■ **Directions**
The entries that follow should come back exactly, with no pictures among them.

Recorded data
*** Block opens ***

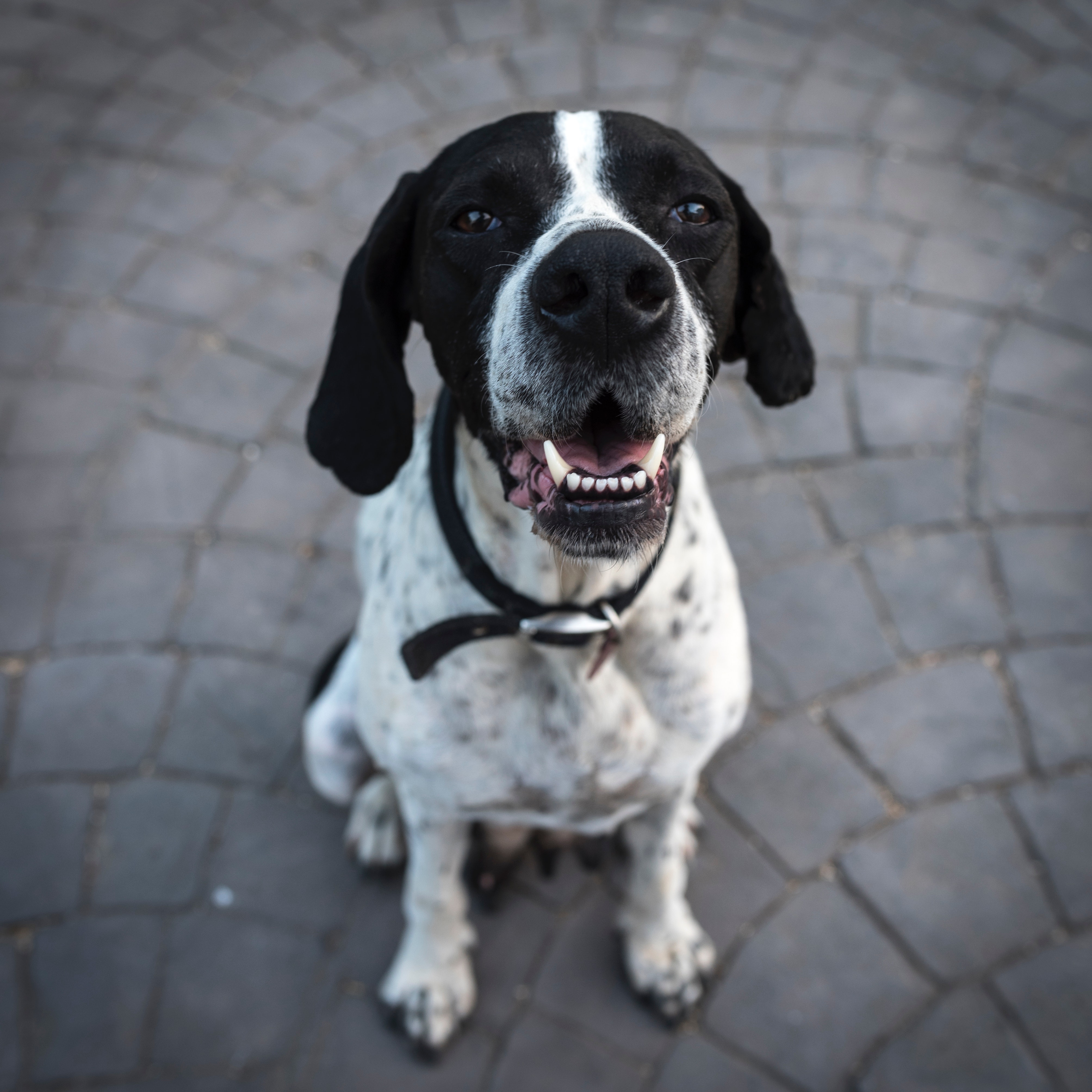 Caring for a Blind or Visually Impaired Dog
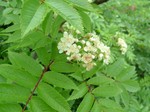 DSCF1704.jpg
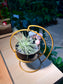 Valentine Gift - Airplant in Swinging Pot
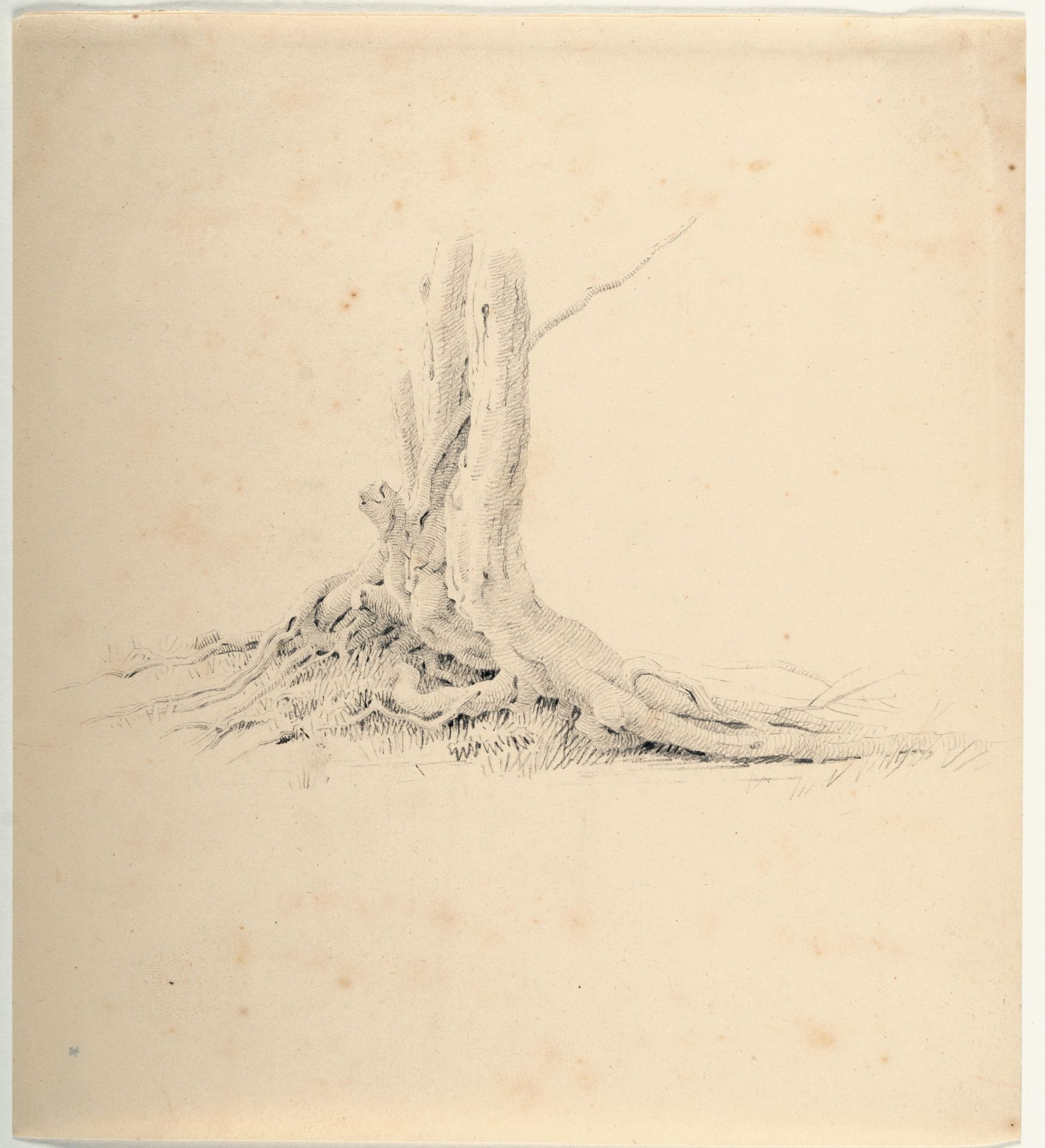 Caspar David Friedrich (1774 Greifswald - Dresden 1840) – Roots of an alder.Pencil on wove. (c. - Image 2 of 3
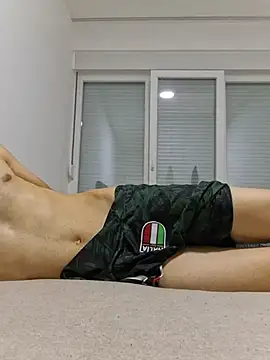 FrameBoy webcam
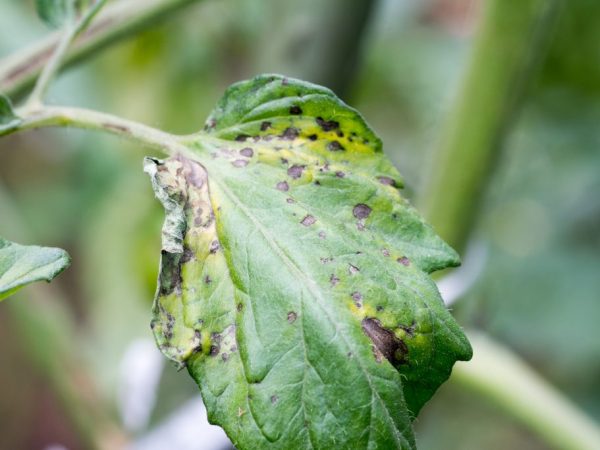 Ang labis na kahalumigmigan ay maaaring maging sanhi ng mga fungal disease.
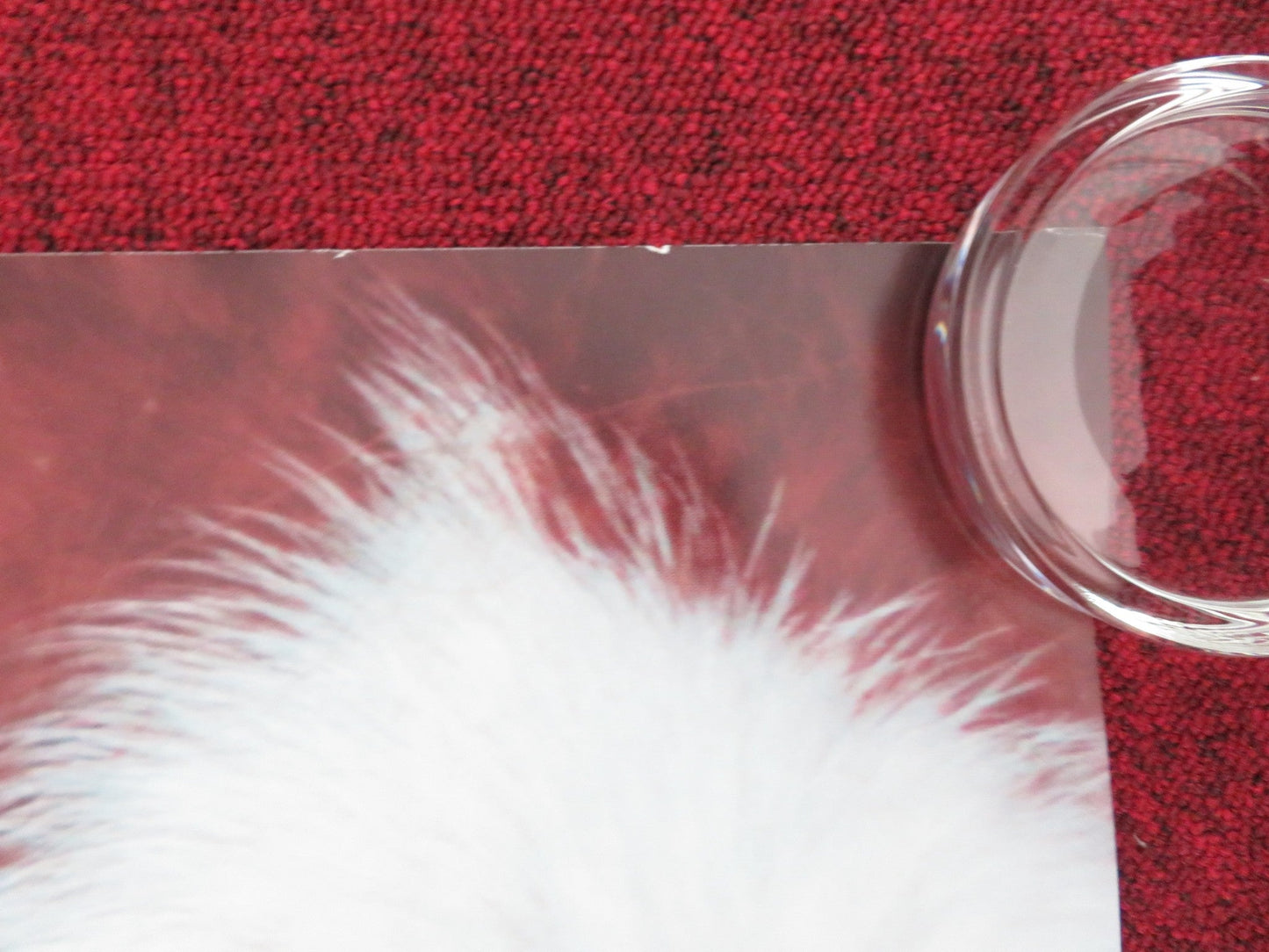 DARK HORSE UK QUAD ROLLED POSTER JAN VOKES HOWARD DAVIES 2015 Movie posters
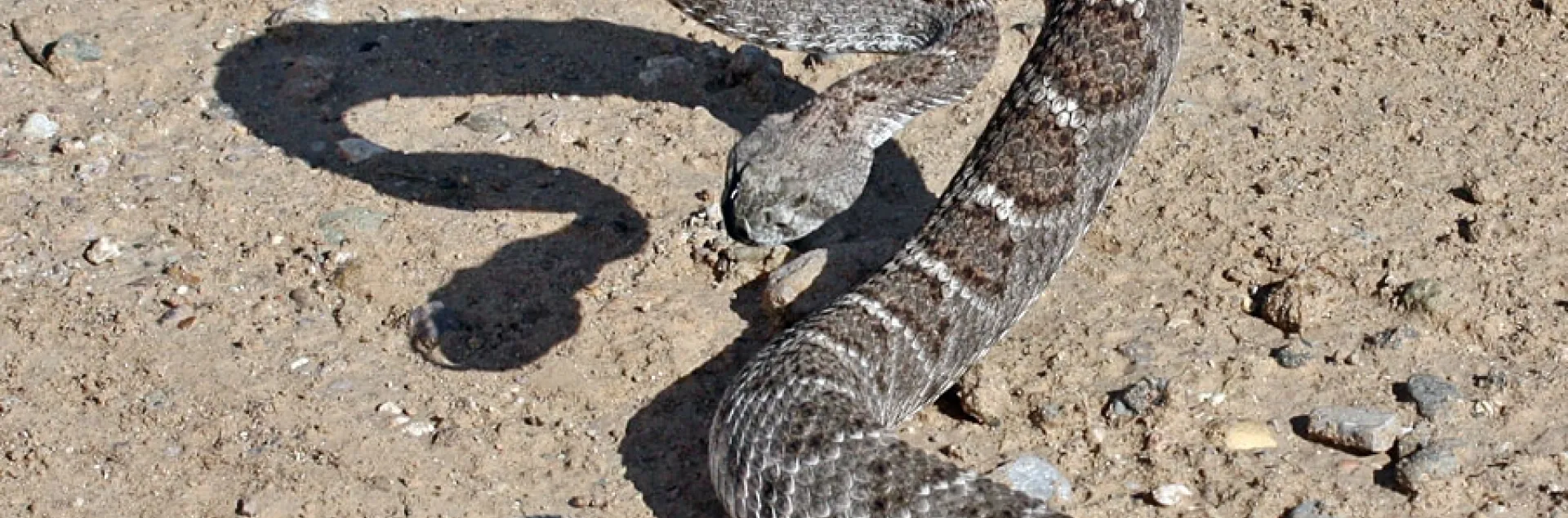 rattlesnake ready to strike
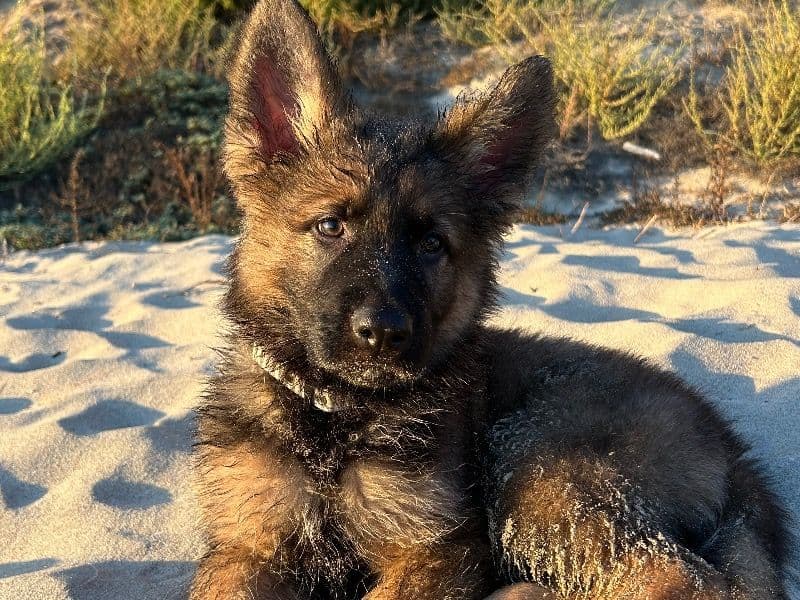 German Shepherd 9 months old male medium named Jet for adoption in Orange County, California | Petmeetly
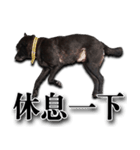 Ms.Black with his joyful friends.（個別スタンプ：12）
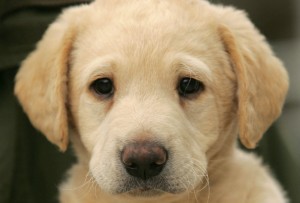 Gundog puppy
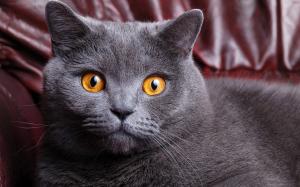 Gray cat at home, yellow eyes, face close-up wallpaper thumb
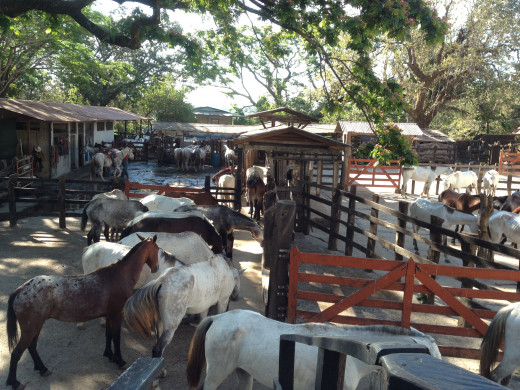 Working Ranch at Hacienda Gauchipelin
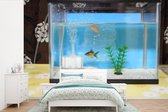 Behang - Fotobehang Twee visjes in een aquarium - Breedte 525 cm x hoogte 350 cm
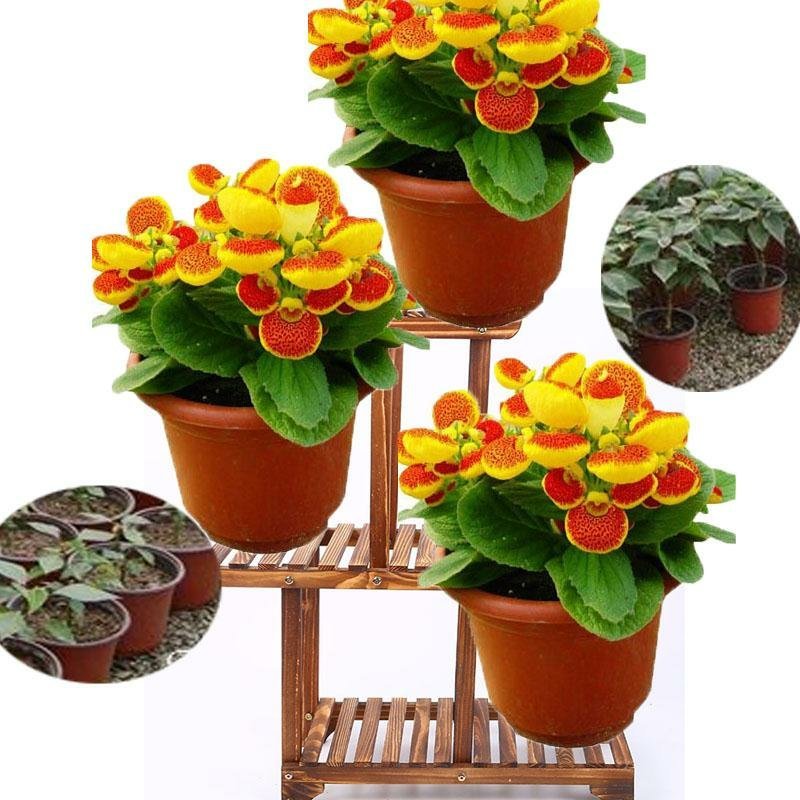 特大号一次性盆栽双色塑料花盆营养钵培育苗盆菊花加厚软花盆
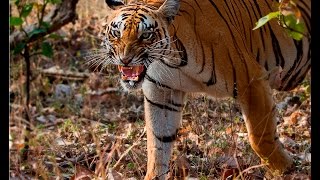 Katrina Tigress With Cubs Video -  Bor Tiger Reserve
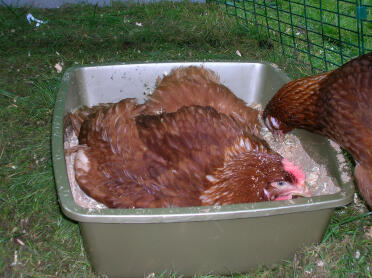 Kyllingene våre elsker støv å bade i et kattestrø full av sand og sagflis, de liker å spise det også.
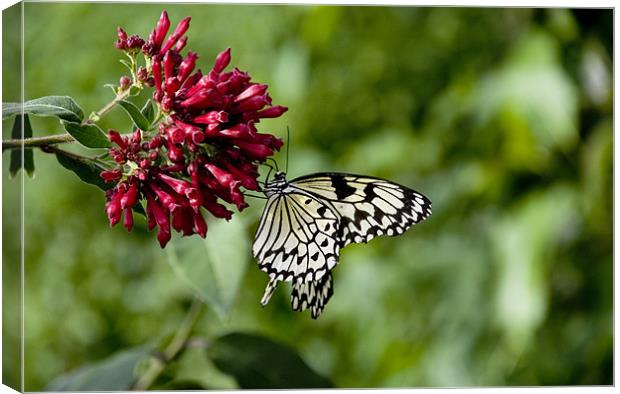 swallow tail Canvas Print by mark page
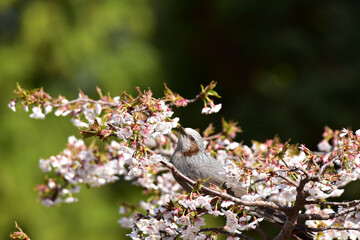 さくらの蜜を吸うヒヨドリ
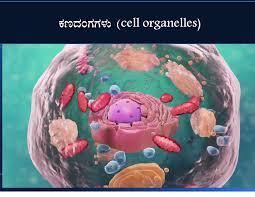 Maybe you would like to learn more about one of these? Edu Help Ppt On Cell In Kannada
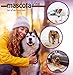 mascota vital - Getrocknete Ziegenohren für Hunde – 100% Natürlicher Kausnack, Schonend Getrocknet, Ohne Zusatzstoffe, Fördert Zahngesundheit & Langanhaltenden Kauspaß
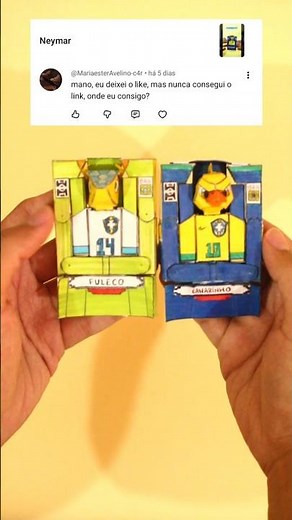 Transforming Canarinho and Fuleco into 3D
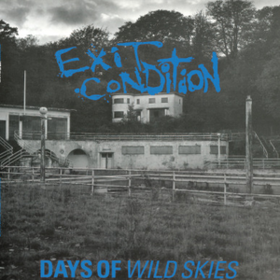 Days Of Wild Skies Exit Condition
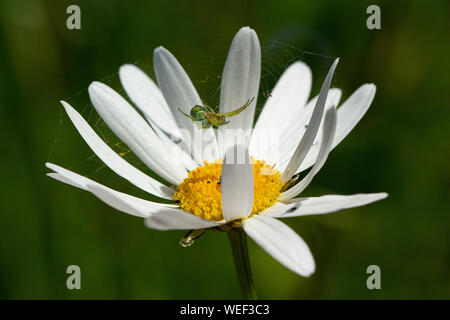 Un ragno di Cucumber pende nella sua rete tra i petali di una Ox-Eye Daisy Foto Stock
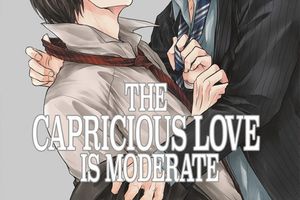 The capricious love is moderate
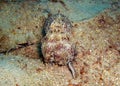 Common Octopus in the filipino sea 6.1.2012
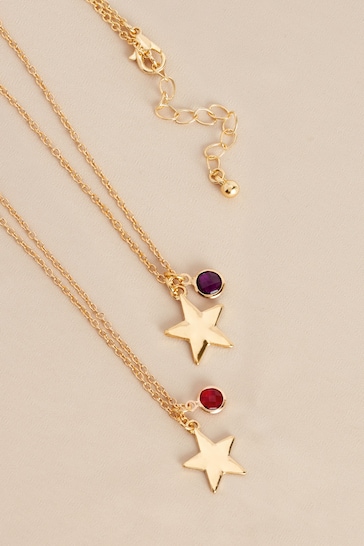 Gold Tone January Birthstone Necklace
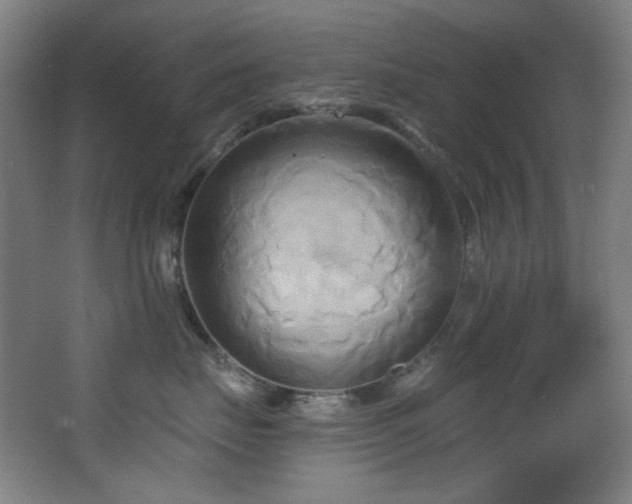 X0000068320671200604211207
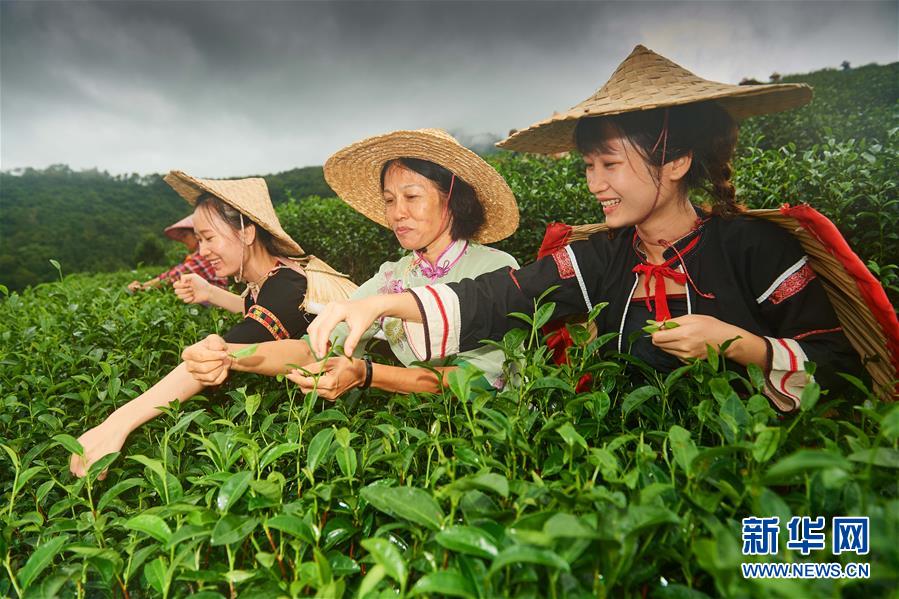 （新華全媒頭條&middot;潮起海之南&middot;圖文互動）（7）春潮拍岸千帆進(jìn)&mdash;&mdash;海南特區(qū)改革開放30年紀(jì)實(shí)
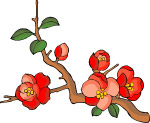 传统花卉74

*** Block closes ***

■ **Exercise response**
 Caring for a Blind or Visually Impaired Dog
 DSCF1704.jpg
 Valentine Gift - Airplant in Swinging Pot
 Caspar David Friedrich (1774 Greifswald - Dresden 1840) – Roots of an alder.Pencil on wove. (c. - Image 2 of 3
 FrameBoy webcam
 Ang labis na kahalumigmigan ay maaaring maging sanhi ng mga fungal disease.
 DARK HORSE UK QUAD ROLLED POSTER JAN VOKES HOWARD DAVIES 2015 Movie posters
 rattlesnake ready to strike
 German Shepherd 9 months old male medium named Jet for adoption in Orange County, California | Petmeetly
 Ms.Black with his joyful friends.（個別スタンプ：12）
 Gundog puppy
 Gray cat at home, yellow eyes, face close-up wallpaper thumb
 Working Ranch at Hacienda Gauchipelin
 Behang - Fotobehang Twee visjes in een aquarium - Breedte 525 cm x hoogte 350 cm
 特大号一次性盆栽双色塑料花盆营养钵培育苗盆菊花加厚软花盆
 Katrina Tigress With Cubs Video -  Bor Tiger Reserve
 Kyllingene våre elsker støv å bade i et kattestrø full av sand og sagflis, de liker å spise det også.
 swallow tail Canvas Print by mark page
 さくらの蜜を吸うヒヨドリ
 Maybe you would like to learn more about one of these? Edu Help Ppt On Cell In Kannada
 mascota vital - Getrocknete Ziegenohren für Hunde – 100% Natürlicher Kausnack, Schonend Getrocknet, Ohne Zusatzstoffe, Fördert Zahngesundheit & Langanhaltenden Kauspaß
 Transforming Canarinho and Fuleco into 3D
 Days Of Wild Skies Exit Condition
 Un ragno di Cucumber pende nella sua rete tra i petali di una Ox-Eye Daisy Foto Stock
 The capricious love is moderate
 Common Octopus in the filipino sea 6.1.2012
 Gold Tone January Birthstone Necklace
 X0000068320671200604211207
 （新華全媒頭條&middot;潮起海之南&middot;圖文互動）（7）春潮拍岸千帆進(jìn)&mdash;&mdash;海南特區(qū)改革開放30年紀(jì)實(shí)
 传统花卉74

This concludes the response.